- [Description of the task] Your answer must be an exact retyping of the line containing "According to the" and every line after it through the end of the records below, with no pictures and nothing else.

- [Data for this exercise]
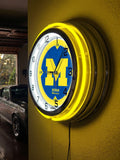 19" University of Michigan Wolverines Neon Clock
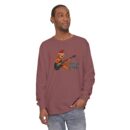 According to the will of God Rockin' Tiger Long Sleeve T-Shirt – Unisex Garment-Dyed Tee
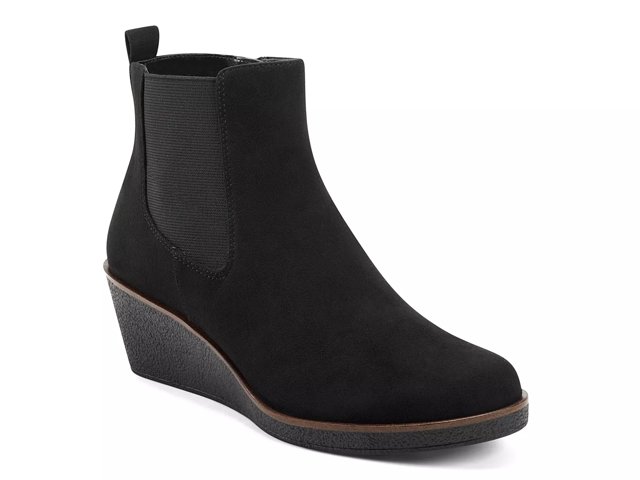 Aerosoles wedge clearance boots suede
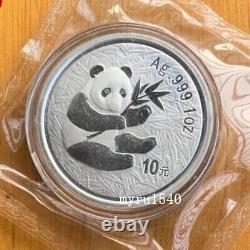 2000 Chine 10YUAN Panda Expo de Timbres et de Pièces de Guangzhou Pièce d'Argent Panda 1oz Avec COA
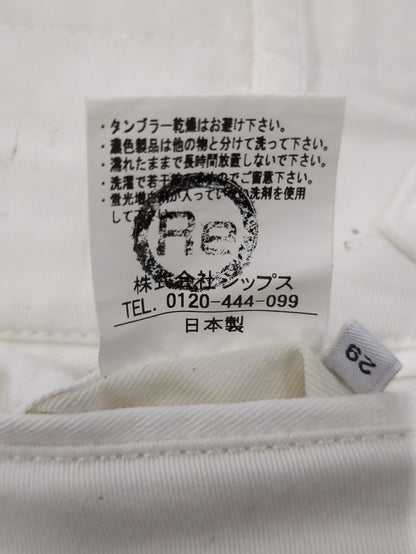 SHIPS:TAPERD CHINO C/PU COLOR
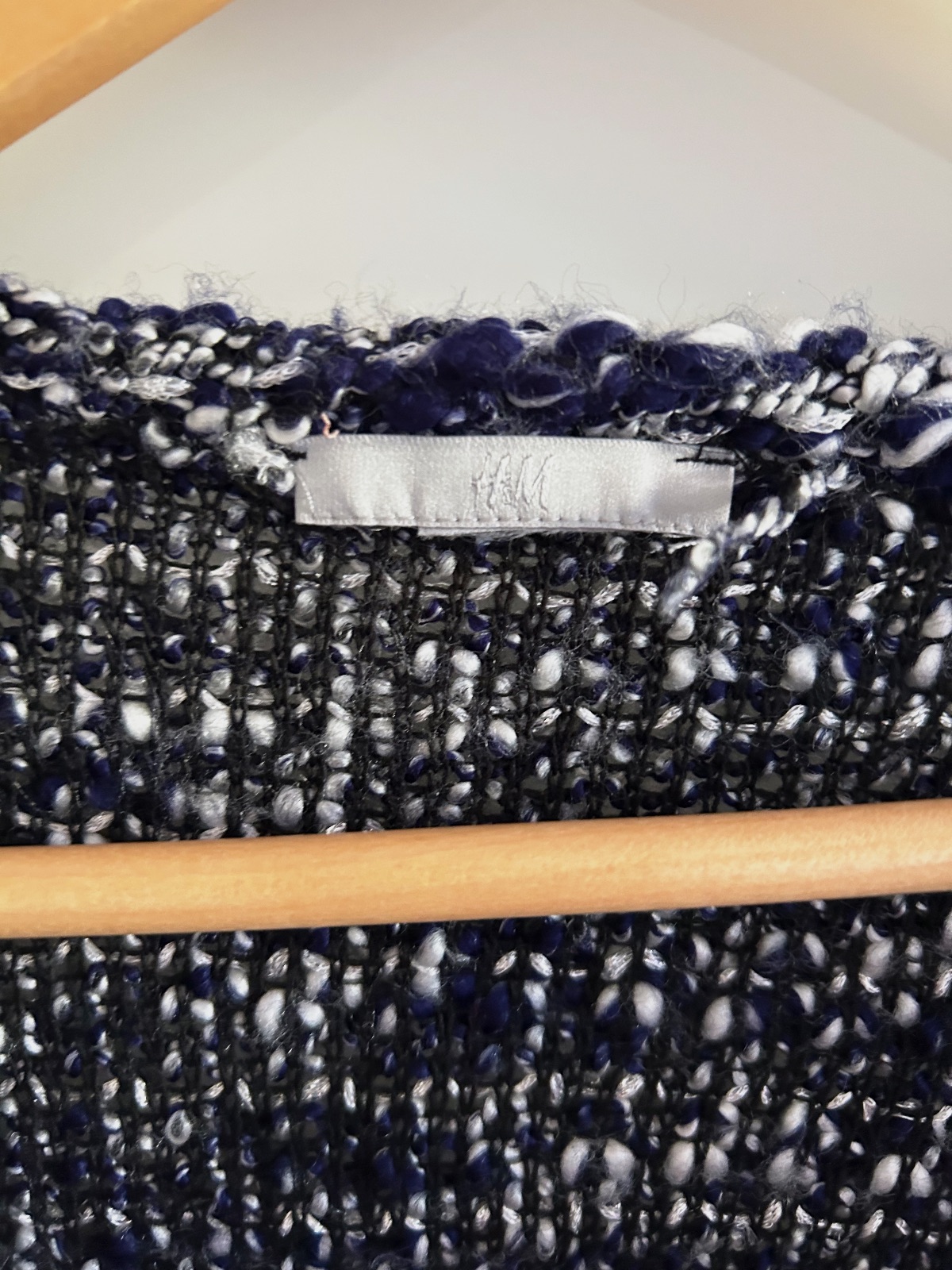 Gilet court en maille H&M à franges – H&M – taille M 3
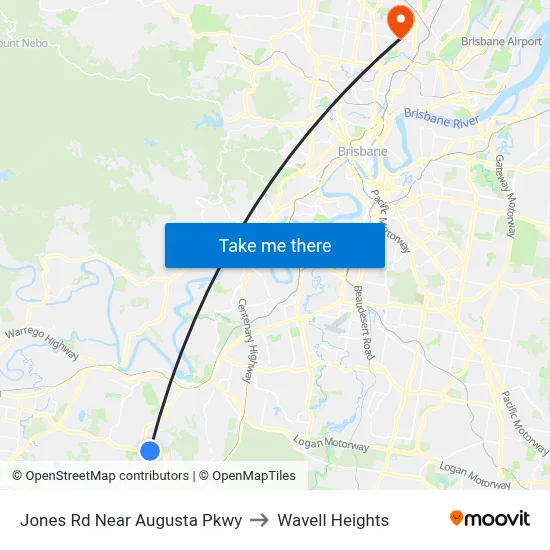 Jones Rd Near Augusta Pkwy to Wavell Heights map
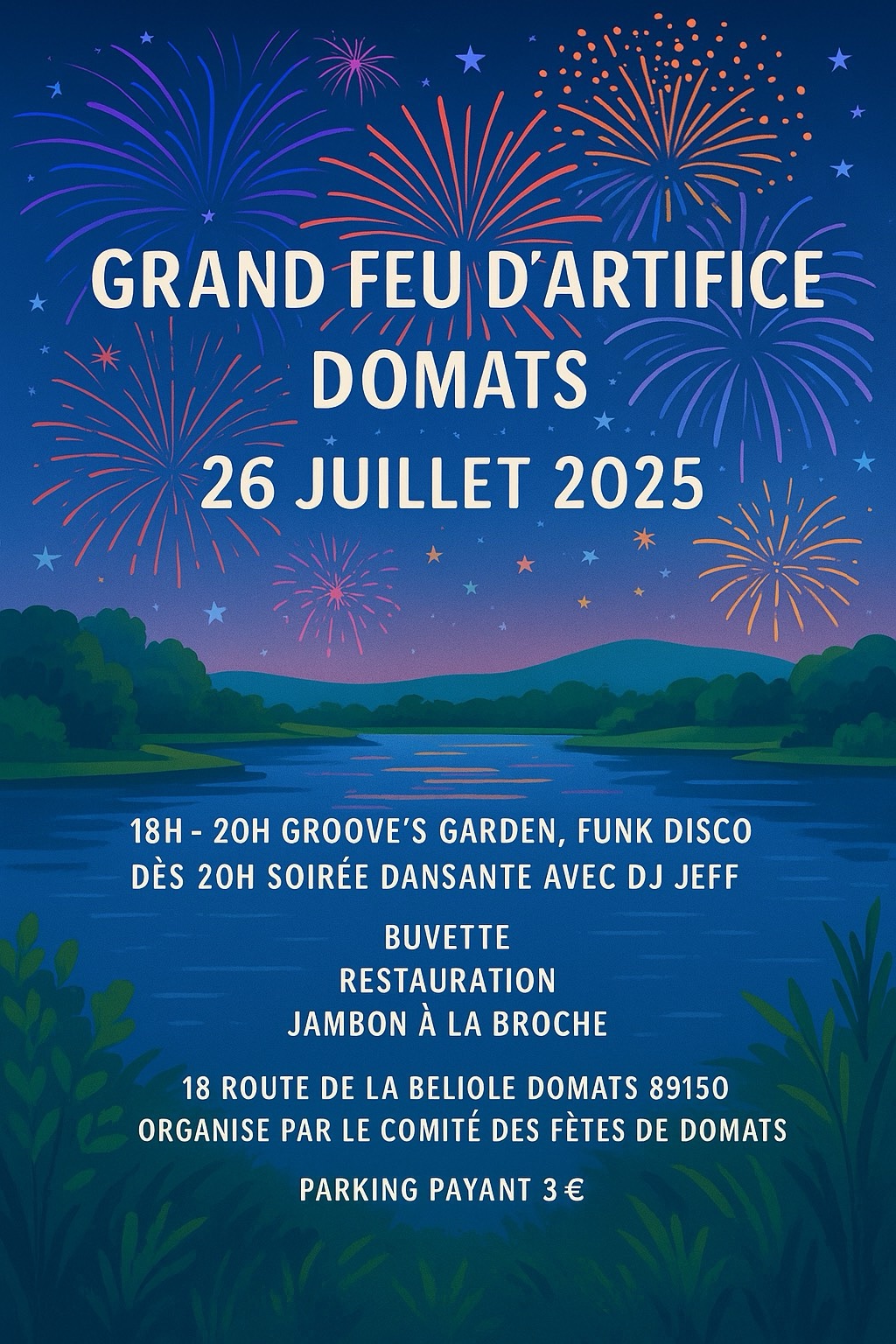 Grand Feu d'Artifice de Domats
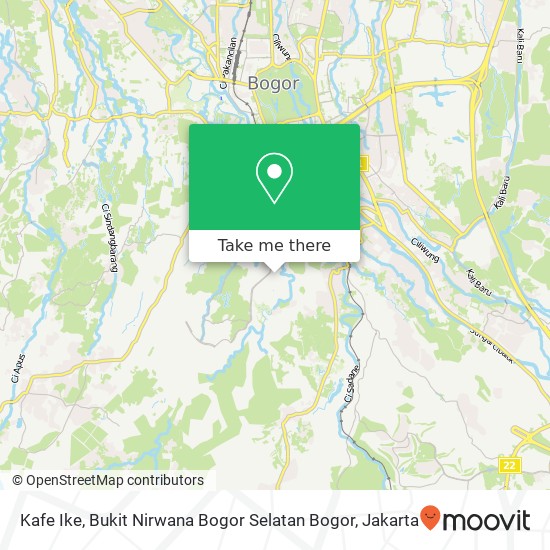 Kafe Ike, Bukit Nirwana Bogor Selatan Bogor map
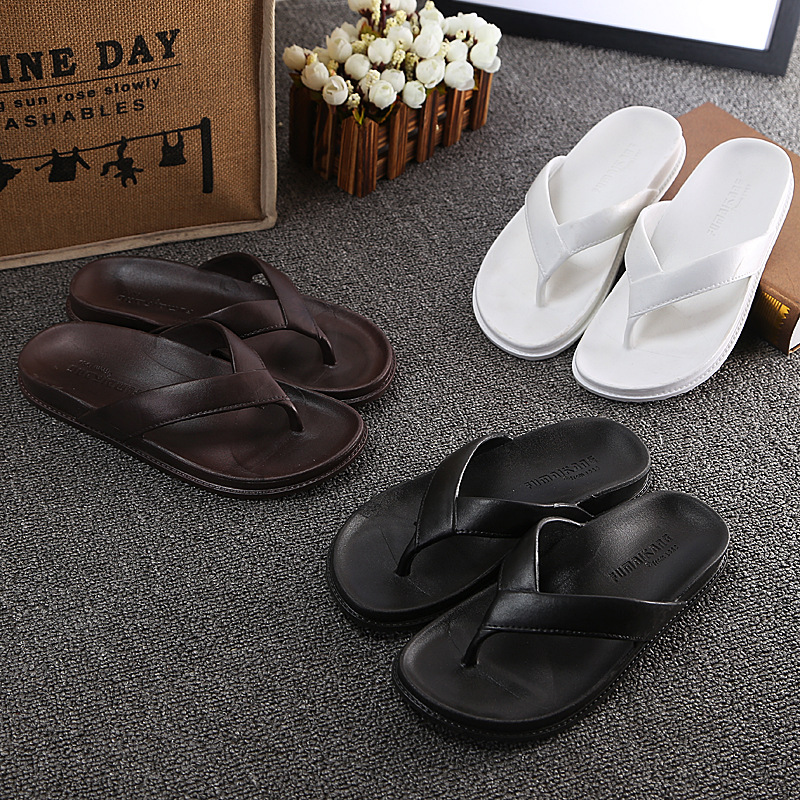 Unisex Flat Leather Thong Sandals 2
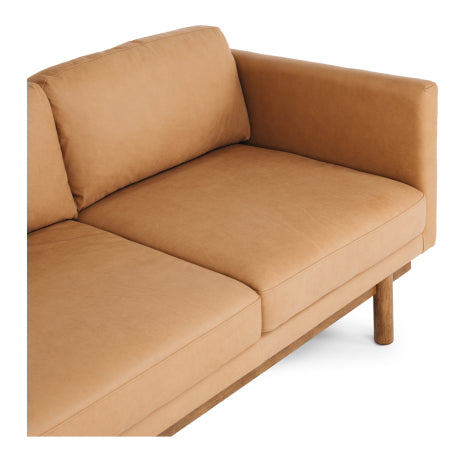 Strada Leather 3 Seater Sofa Tan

- [Answer space]
 According to the will of God Rockin' Tiger Long Sleeve T-Shirt – Unisex Garment-Dyed Tee
 Aerosoles wedge clearance boots suede
 2000 Chine 10YUAN Panda Expo de Timbres et de Pièces de Guangzhou Pièce d'Argent Panda 1oz Avec COA
 SHIPS:TAPERD CHINO C/PU COLOR
 Gilet court en maille H&M à franges – H&M – taille M 3
 Jones Rd Near Augusta Pkwy to Wavell Heights map
 Grand Feu d'Artifice de Domats
 Kafe Ike, Bukit Nirwana Bogor Selatan Bogor map
 Unisex Flat Leather Thong Sandals 2
 Strada Leather 3 Seater Sofa Tan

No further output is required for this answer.